Закрепив за собой монополию на торговые отношения с Новгородом, озаботилась Ганза и установлением правил товарообмена, представлявшихся ей наиболее справедливыми. «Колупание» и «наддача» – вот ключевые слова, необходимые для рассказа об этих правилах. Можно биться об заклад, что мало кто из читателей, даже прошедших курс истории экономических учений, помнит эти термины. Между тем в старые времена они определяли процедуру купли-продажи по главным статьям новгородского экспорта.

Под главными статьями мы понимаем, конечно, высококачественный воск, а также пушнину (только значительно позже, к XVI веку, к ним прибавился вывоз зерна). Так вот, «наддача» применялась заморскими гостями при покупке мехов у новгородцев. Перебрав предложенные ему шкурки, ганзейский купец, как правило, заявлял, что товар неплохой, однако частично некондиционный, и, что самое неприятное, есть в нем незаметные, однако явные опытному глазу дефекты, которые наверняка обнаружатся позже, после транспортировки морем и хранения на складе. Поэтому он, ганзейский гость, как человек небогатый и избегающий излишнего торгового риска, взял бы этот товар лишь при условии добавления еще некоторого количества мехов в совершенно бесплатном порядке. Одним словом, нужна маленькая «naddatscha» – или, выражаясь чистым немецким языком, «upgift».

Что же касалось «колупания», то оно происходило при покупке у новгородцев воска. Ганзейский купец, как правило, заявлял, что внешне предложенный ему товар выглядит вполне удовлетворительно, однако нужно еще проверить качество всего массива. Для этого гость вооружался ножом, а иногда и топориком, и принимался колупать («bekloppen») воск до тех пор, пока все нюансы качества русского товара не прояснялись для него во всей своей полноте. Нужно ли говорить, что все отколупнутые в ходе такого дознания куски шли в доход ганзейского гостя – разумеется, без всякой оплаты. Отметим, что общий объем «колупания», а также размеры «наддачи» были ограничены лишь голосом совести покупателя, который во время покупки имел обыкновение звучать особенно тихо, а также требованиями обычая – знаменитой «старины» – которая никогда юридически оформлена не была.

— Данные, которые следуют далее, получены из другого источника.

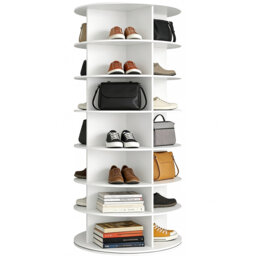 7 Tier Rotating Shoe Rack, 28 Pair Narrow Shoe Rack Storage for Entryway Closet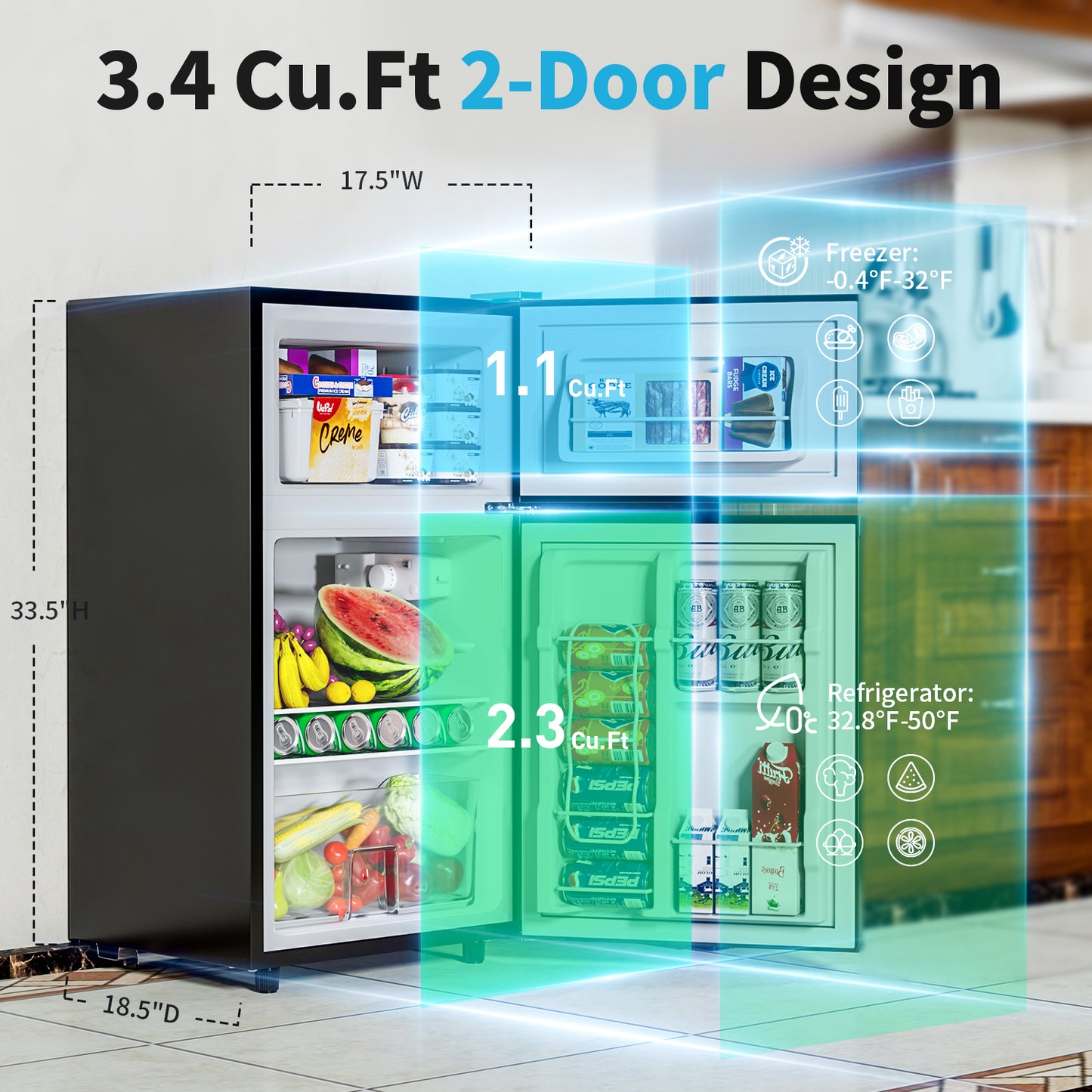 3.4 Cu.Ft Mini Fridge for Bedroom Office Dorm, 2 Door Small Refrigerator Freezer, Mini Compact Fridge with Adjustable Thermostat, Low Noise, Energy Saving, Black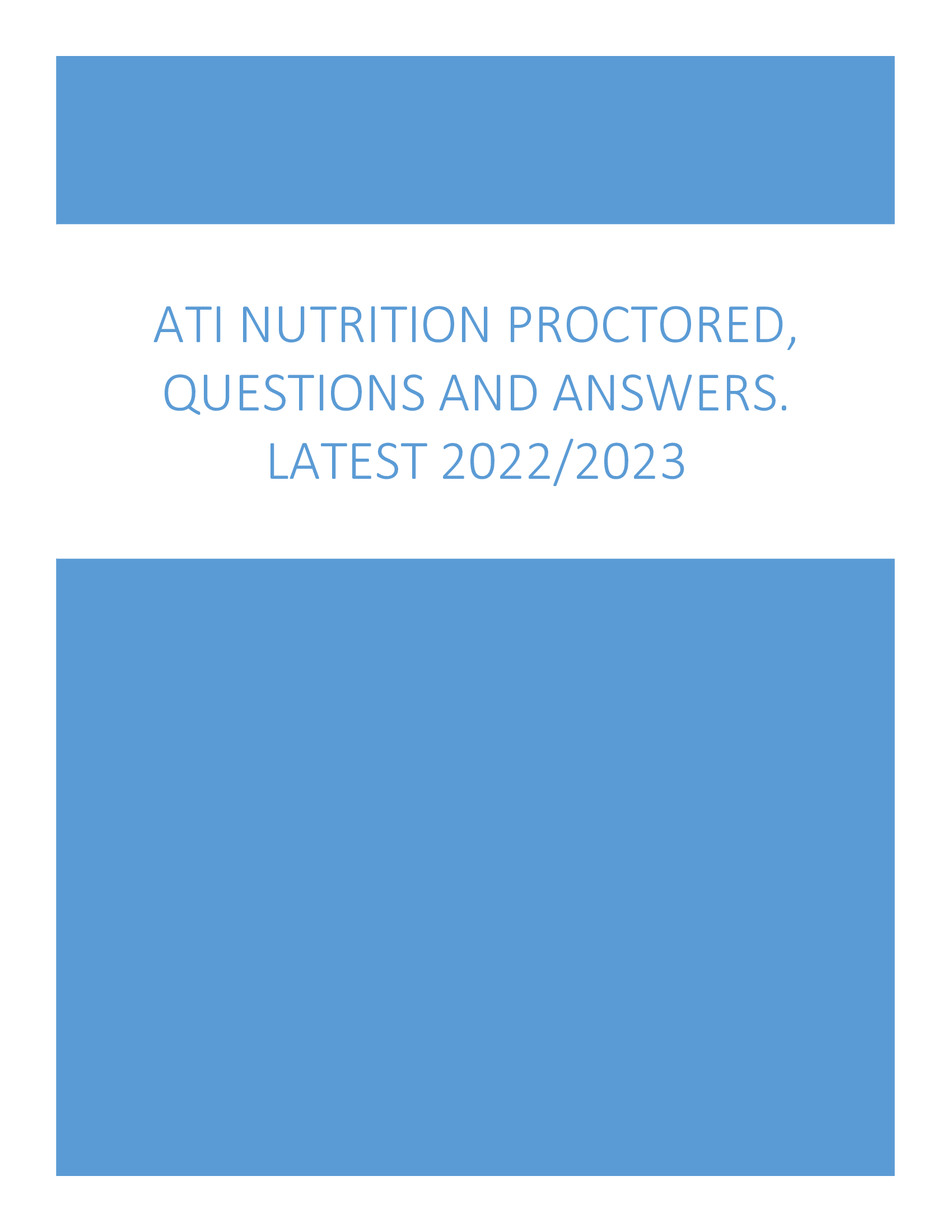 Ati nutrition proctored questions and answers latest 2022 2023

«Не колупайте – и не требуйте наддачи!», – точно такими требованиями на новгородком диалекте русского языка, равно как на нижненемецком языке своего времени оглашали стогны родного города поколения новгородских купцов. «Колупали и колупать будем», – злобно отвечали им ганзейские собратия по профессии, копаясь в предложенных им товарах, – «Наддачи же будем требовать неукоснительно».

Как видим, согласно традиции «колупания», новгородские купцы априорно подозревались в нечестности, и это было для них довольно оскорбительно. Что же казалось ганзейских купцов, то их кристальная честность ставилась выше всяких подозрений. Соответственно этому, «старина» прямо запрещала русским купцам взвешивать, измерять, вообще проверять любым способом качество или количество товаров, привезенных ганзейскими купцами, будь то сукна, соль или вина.

Нужно сказать, что в общем и целом Ганза действительно гарантировала высокое качество своих товаров. Вместе с тем, и здесь открывались широкие возможности для изыскания дополнительной прибыли. Ограничимся лишь одним коротким примером, почерпнутым из исторической литературы. В Ревеле ласт соли содержал 15 мешков, в Новгороде – только 12, причем цена ласта в обоих городах была одинакова. Соответственно, загрузив 2–3 корабля солью в таллинской гавани и перегнав их до Новгорода – то есть не приложив особых усилий, как и не подвергаясь великому риску (за исключением разве что мелководья «Маркизовой лужи», невских и волховских порогов, да эпизодических в летнее время штормов на Ладоге) ревельский купец получал солидную прибыль в 20 %, чем обеспечивал себе и своему семейству добрый год безбедной жизни[73].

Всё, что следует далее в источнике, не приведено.